As it is with most Duffey narratives, it sounds like something from a movie. Duffey and Smith arrived in Guatemala with the goal of visiting some Mayan ruins. However, shortly after their arrival, their itinerary changed dramatically.

Marlon, one of Duffey’s friends from the Nuevo Reto orphanage, informed Duffey and Smith his grandfather was dying of cancer. As a recent graduate of the Ohio Fire Academy, Duffey volunteered to sit with the 75-year-old man as he died.

“I felt his pulse and he took his last breath, and another 10 seconds goes by, and he gasps for another,” Duffey said. “His pulse then faded away. I was able to see his skin change color into this light gray. I had never seen anything like that before.”

Duffey didn’t realize the bond he had created with the man’s family included him into the preparations for the man’s funeral, a nine-day celebration in Guatemala.

After the man’s death, Duffey was asked to help prepare the body for burial.
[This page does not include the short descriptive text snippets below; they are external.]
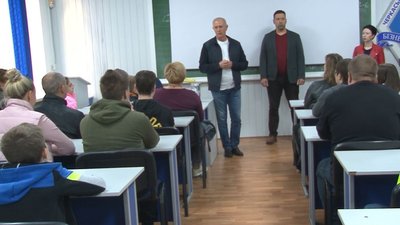 Навчають колишні й нинішні студенти: у Черкасах почалися ІТ-курси для школярів Навчають колишні й нинішні студенти: у Черкасах почалися ІТ-курси для школярів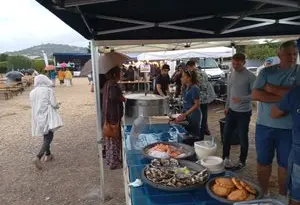 La 12e édition d’Ostrea Fiesta a bien eu lieu mais elle n’a pas pu passer entre les gouttes, au Barrou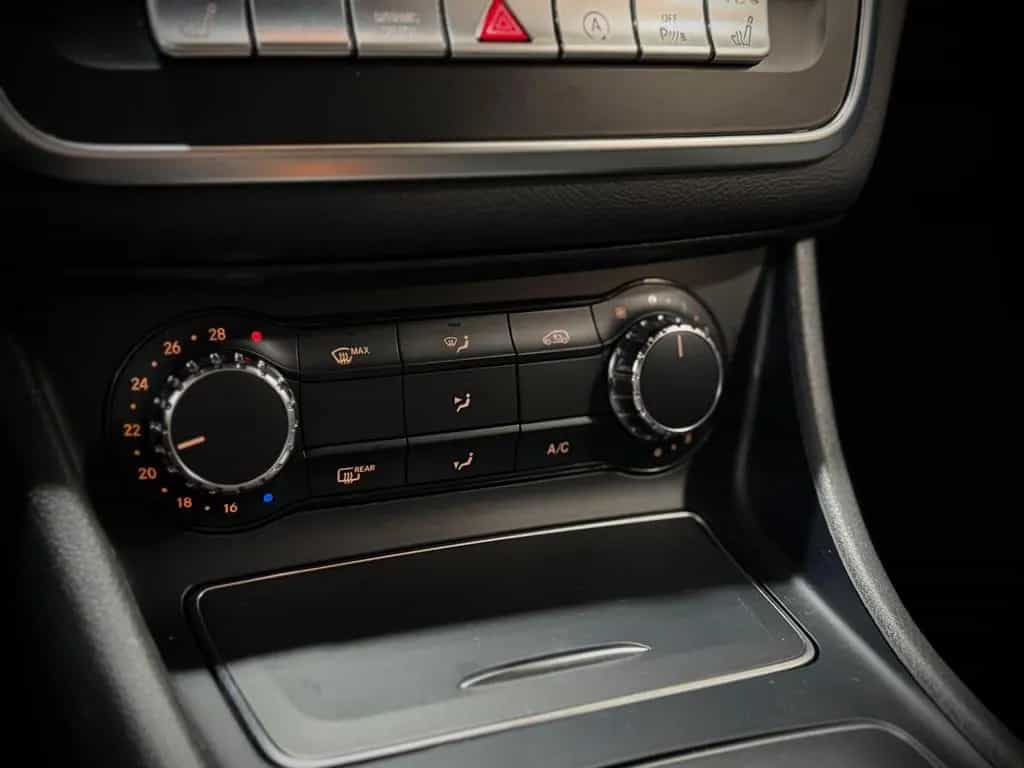 Mercedes-Benz CLA-Class 200|AMG-LINE|JUNGE-STERNE|EDITION|NAVI| 04/2018-photo-15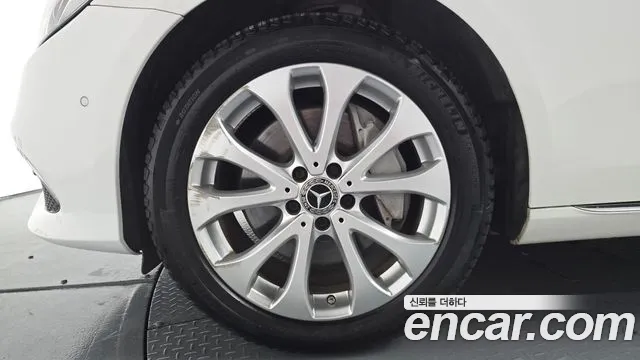 Mercedes-Benz E-Класс 2018 thumb 4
“His wife brings me a fresh pair of clothing for him to wear and then hands me balls of cotton to put up his nose and mouth. This is how they embalm a body in Guatemala. As I was rolling him over, no one told me about the colostomy bag, and it leaked all over the bed.”

The story then sounds like a scene from National Lampoon’s Vacation or Little Miss Sunshine as Duffey, Smith, and Marlon’s father transported the body back to the old man’s hometown, a six-hour drive in the middle of the night through a jungle. The body, wrapped in a white sheet, was buckled into the passenger seat of a 1990 Toyota Camry while Smith and Duffey rode in the back seat. The rest of the family followed close behind in a second vehicle.

At some point, the caravan was stopped by the police.

“Marlon’s dad was trying to explain to them why there was a dead body in his car,” Duffey said laughing. “The next thing I knew, everyone was being ordered out of the car. Ben panicked and said, ‘I’m not going to jail in Guatemala.’ I asked Marlon, ‘We’re not going to jail, are we?’ Marlon said, ‘No … I don’t think so.’

“I told Marlon if they say they’re going to arrest us, we’re going to run into the jungle.’ It’s nerve wracking to think this was our backup plan.”

However, after 10 minutes, there was an exchange of cash with the police and the caravan continued onward to the man’s hometown. The story would have been a funny footnote if it hadn’t been for what happened next.

Shortly after a funeral parade through the man’s hometown, Duffey became violently ill with fever, nausea, and vomiting. He returned to Guatemala City for treatment. After being misdiagnosed twice and injected with painkillers, he was taken to the main hospital where he was told he had viral meningitis.

Duffey received a spinal tap and immediately felt so much better that he and Smith then explored the Mayan ruins the next day. However, during a climb to the top of the temple, Duffey fell ill again.

“Apparently, I didn’t get the memo I was supposed to be on bed rest for a week after the spinal tap,” he said. “I was rushed home to Westerville and immediately placed on bed rest. My doctor said I was lucky I didn’t die or have brain damage.”

Duffey’s last trip to Guatemala in November 2020, was equally eventful but for different reasons. He was asked to be the officiant of Meza’s marriage to Karem. While he was there, Meza’s family arranged a surprise quinceanera for his daughter Riley.

“That was such an honor,” Duffey said. “It’s amazing when you think about it. One day, you are making a promise to a 12-year-old kid and then the next, you’re officiating his wedding.”